[Start of section]
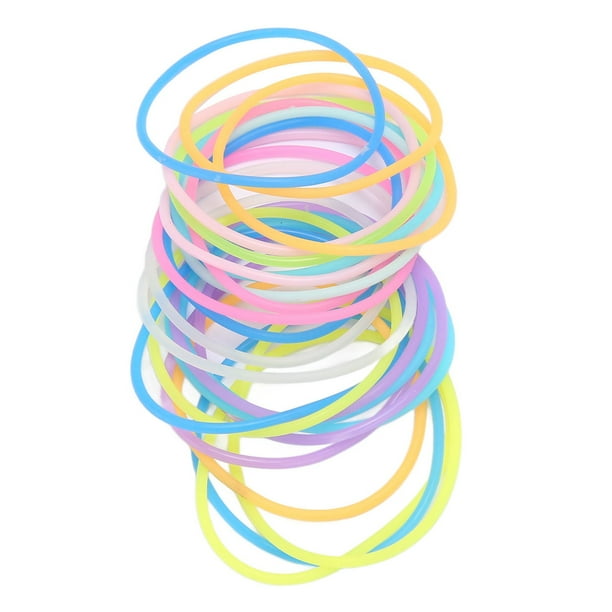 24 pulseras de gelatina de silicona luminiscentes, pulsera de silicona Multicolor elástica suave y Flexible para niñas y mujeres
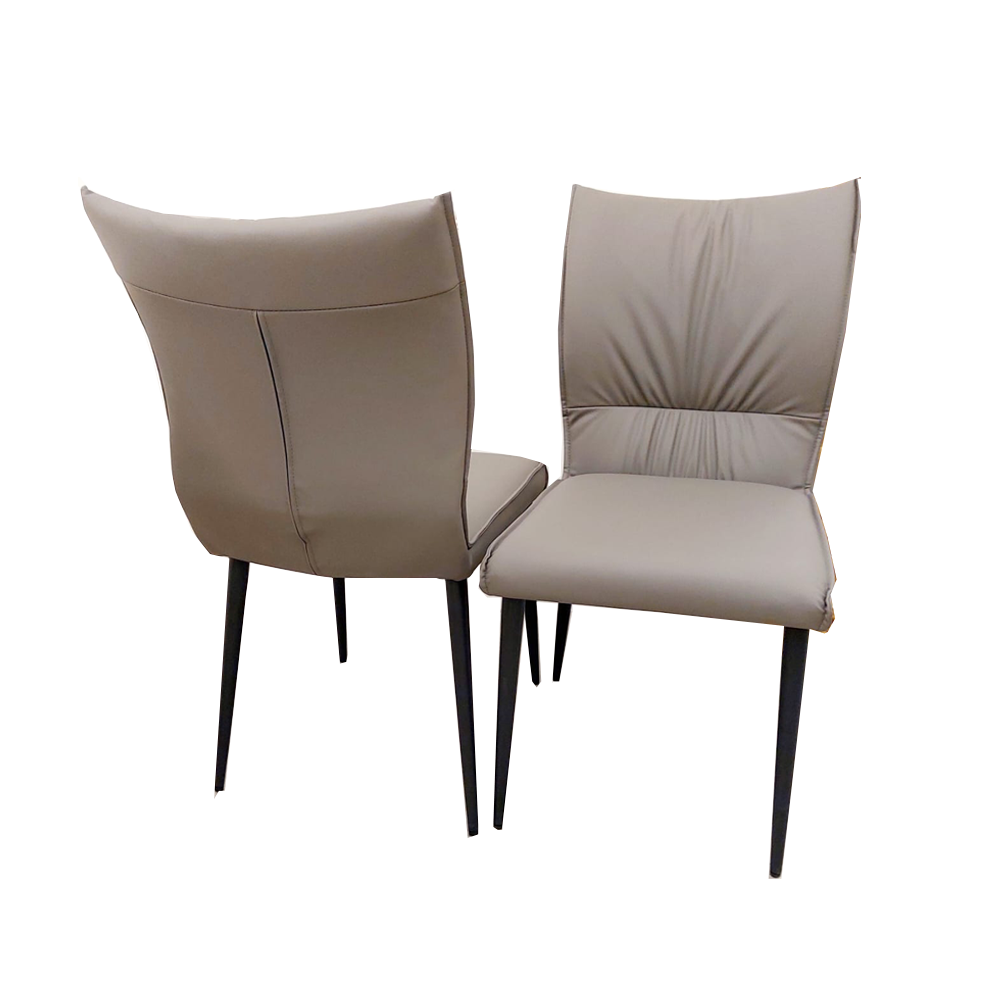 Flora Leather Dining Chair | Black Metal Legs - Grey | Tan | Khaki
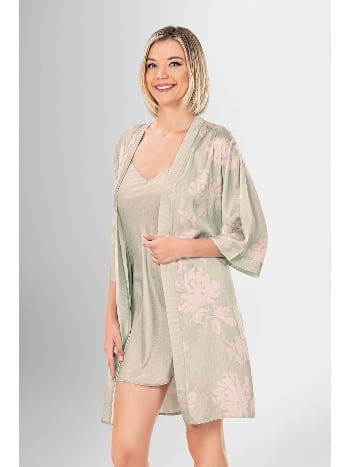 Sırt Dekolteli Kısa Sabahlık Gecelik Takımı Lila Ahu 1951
[End of section]
### Task to carry out
Write out exactly the lines above, from the very first through the line containing "Flora Leather Dining", both kept, with the pictures removed.

### Answer section
 24 pulseras de gelatina de silicona luminiscentes, pulsera de silicona Multicolor elástica suave y Flexible para niñas y mujeres
 Flora Leather Dining Chair | Black Metal Legs - Grey | Tan | Khaki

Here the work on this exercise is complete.